> [PROBLEM TO SOLVE]:
Everything from the line that contains "Photo of property in 1/85" to the end of the listing below, both ends included, is to be transcribed word for word, and nothing else.

↓↓↓

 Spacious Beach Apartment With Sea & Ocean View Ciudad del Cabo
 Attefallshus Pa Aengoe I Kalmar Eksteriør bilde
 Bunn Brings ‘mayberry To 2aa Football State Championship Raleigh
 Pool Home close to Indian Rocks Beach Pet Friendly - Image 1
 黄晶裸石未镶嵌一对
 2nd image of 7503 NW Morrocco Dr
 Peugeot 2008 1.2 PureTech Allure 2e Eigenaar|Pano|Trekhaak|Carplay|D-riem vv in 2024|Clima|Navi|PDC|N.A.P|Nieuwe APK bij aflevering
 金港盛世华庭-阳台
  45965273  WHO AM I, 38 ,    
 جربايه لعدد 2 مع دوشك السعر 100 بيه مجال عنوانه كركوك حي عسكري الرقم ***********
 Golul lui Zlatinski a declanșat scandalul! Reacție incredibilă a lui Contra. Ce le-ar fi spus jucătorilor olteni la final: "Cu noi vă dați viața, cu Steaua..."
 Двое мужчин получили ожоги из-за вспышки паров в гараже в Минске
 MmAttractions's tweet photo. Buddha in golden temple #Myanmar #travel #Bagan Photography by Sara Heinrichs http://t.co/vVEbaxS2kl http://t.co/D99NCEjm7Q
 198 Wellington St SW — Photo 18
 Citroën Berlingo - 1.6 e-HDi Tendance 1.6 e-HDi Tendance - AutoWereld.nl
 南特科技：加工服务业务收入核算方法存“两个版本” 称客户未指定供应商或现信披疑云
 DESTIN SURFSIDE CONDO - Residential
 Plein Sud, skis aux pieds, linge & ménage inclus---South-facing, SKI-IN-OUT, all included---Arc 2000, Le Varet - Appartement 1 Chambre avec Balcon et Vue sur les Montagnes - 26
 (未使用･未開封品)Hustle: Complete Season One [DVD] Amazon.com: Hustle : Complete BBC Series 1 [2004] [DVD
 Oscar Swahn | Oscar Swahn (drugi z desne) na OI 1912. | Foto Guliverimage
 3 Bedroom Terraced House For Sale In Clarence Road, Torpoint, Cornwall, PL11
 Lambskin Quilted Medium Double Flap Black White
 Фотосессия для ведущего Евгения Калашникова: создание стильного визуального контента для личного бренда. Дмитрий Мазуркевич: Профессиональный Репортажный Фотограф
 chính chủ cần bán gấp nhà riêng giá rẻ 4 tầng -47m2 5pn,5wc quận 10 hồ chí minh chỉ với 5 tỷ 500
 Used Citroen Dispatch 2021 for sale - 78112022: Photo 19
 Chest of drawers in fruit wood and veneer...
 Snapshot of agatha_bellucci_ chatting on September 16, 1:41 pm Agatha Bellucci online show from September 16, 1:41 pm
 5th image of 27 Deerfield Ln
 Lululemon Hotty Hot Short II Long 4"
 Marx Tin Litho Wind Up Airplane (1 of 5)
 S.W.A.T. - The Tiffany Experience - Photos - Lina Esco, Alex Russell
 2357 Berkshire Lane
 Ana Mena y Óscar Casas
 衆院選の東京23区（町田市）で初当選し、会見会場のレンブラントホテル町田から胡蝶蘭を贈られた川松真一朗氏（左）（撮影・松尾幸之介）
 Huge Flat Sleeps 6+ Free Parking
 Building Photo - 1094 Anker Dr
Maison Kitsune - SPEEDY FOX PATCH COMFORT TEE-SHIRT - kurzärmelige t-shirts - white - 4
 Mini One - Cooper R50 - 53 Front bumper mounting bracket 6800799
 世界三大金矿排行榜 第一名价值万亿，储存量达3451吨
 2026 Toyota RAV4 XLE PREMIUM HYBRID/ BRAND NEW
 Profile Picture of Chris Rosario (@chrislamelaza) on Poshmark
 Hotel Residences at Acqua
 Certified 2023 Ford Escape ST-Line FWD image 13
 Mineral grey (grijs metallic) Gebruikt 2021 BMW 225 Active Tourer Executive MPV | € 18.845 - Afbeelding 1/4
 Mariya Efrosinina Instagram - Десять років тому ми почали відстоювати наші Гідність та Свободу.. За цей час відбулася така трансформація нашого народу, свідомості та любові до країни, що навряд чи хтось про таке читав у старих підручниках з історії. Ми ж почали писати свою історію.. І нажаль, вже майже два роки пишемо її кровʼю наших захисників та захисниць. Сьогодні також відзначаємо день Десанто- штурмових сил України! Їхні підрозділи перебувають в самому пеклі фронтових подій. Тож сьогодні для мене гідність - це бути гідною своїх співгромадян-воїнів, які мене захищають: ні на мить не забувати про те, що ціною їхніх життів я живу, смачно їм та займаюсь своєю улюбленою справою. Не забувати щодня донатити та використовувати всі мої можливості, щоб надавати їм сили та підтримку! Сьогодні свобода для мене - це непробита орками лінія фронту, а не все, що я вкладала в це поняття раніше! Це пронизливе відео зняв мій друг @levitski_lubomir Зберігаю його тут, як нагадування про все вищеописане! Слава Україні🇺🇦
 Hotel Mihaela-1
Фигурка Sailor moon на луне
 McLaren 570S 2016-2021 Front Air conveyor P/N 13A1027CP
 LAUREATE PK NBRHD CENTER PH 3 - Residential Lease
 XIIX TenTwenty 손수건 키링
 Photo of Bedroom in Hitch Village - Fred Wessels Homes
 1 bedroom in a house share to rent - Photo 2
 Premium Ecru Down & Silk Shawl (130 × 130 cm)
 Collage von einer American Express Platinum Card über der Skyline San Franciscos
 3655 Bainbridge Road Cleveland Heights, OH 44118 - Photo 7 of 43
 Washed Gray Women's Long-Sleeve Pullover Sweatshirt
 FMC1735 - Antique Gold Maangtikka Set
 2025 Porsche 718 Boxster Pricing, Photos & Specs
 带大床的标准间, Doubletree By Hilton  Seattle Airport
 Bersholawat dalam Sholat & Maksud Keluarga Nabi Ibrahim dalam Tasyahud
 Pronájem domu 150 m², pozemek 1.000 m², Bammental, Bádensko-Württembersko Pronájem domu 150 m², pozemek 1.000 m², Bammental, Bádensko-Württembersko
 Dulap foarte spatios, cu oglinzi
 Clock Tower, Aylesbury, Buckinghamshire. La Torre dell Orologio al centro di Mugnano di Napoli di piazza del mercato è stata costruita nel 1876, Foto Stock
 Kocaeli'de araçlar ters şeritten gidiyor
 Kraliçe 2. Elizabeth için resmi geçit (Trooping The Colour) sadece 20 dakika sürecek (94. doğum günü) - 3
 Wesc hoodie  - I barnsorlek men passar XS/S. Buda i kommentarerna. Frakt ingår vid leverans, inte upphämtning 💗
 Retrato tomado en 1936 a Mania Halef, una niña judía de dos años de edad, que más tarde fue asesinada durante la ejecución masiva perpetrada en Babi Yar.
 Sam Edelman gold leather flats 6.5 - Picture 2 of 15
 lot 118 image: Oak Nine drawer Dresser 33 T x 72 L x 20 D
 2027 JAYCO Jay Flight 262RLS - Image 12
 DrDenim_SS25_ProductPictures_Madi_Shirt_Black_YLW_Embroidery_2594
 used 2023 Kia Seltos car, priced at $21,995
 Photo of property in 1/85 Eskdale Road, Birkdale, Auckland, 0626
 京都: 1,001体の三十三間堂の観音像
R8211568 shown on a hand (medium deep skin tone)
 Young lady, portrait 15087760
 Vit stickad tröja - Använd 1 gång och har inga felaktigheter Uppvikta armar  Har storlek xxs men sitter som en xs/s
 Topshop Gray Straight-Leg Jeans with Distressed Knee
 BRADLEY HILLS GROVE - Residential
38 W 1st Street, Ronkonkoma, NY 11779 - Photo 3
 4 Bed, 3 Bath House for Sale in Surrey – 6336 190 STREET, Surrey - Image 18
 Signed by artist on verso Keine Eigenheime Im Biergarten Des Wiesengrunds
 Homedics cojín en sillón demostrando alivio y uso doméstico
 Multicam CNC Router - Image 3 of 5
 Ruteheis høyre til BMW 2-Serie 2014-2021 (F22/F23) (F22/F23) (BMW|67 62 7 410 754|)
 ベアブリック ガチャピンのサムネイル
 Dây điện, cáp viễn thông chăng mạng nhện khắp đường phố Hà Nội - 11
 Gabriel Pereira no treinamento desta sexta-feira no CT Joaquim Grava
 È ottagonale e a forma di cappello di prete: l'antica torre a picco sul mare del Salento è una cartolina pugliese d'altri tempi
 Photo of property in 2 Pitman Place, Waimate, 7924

↑↑↑

> [WRITTEN SOLUTION]:
 Photo of property in 1/85 Eskdale Road, Birkdale, Auckland, 0626
 京都: 1,001体の三十三間堂の観音像
R8211568 shown on a hand (medium deep skin tone)
 Young lady, portrait 15087760
 Vit stickad tröja - Använd 1 gång och har inga felaktigheter Uppvikta armar  Har storlek xxs men sitter som en xs/s
 Topshop Gray Straight-Leg Jeans with Distressed Knee
 BRADLEY HILLS GROVE - Residential
38 W 1st Street, Ronkonkoma, NY 11779 - Photo 3
 4 Bed, 3 Bath House for Sale in Surrey – 6336 190 STREET, Surrey - Image 18
 Signed by artist on verso Keine Eigenheime Im Biergarten Des Wiesengrunds
 Homedics cojín en sillón demostrando alivio y uso doméstico
 Multicam CNC Router - Image 3 of 5
 Ruteheis høyre til BMW 2-Serie 2014-2021 (F22/F23) (F22/F23) (BMW|67 62 7 410 754|)
 ベアブリック ガチャピンのサムネイル
 Dây điện, cáp viễn thông chăng mạng nhện khắp đường phố Hà Nội - 11
 Gabriel Pereira no treinamento desta sexta-feira no CT Joaquim Grava
 È ottagonale e a forma di cappello di prete: l'antica torre a picco sul mare del Salento è una cartolina pugliese d'altri tempi
 Photo of property in 2 Pitman Place, Waimate, 7924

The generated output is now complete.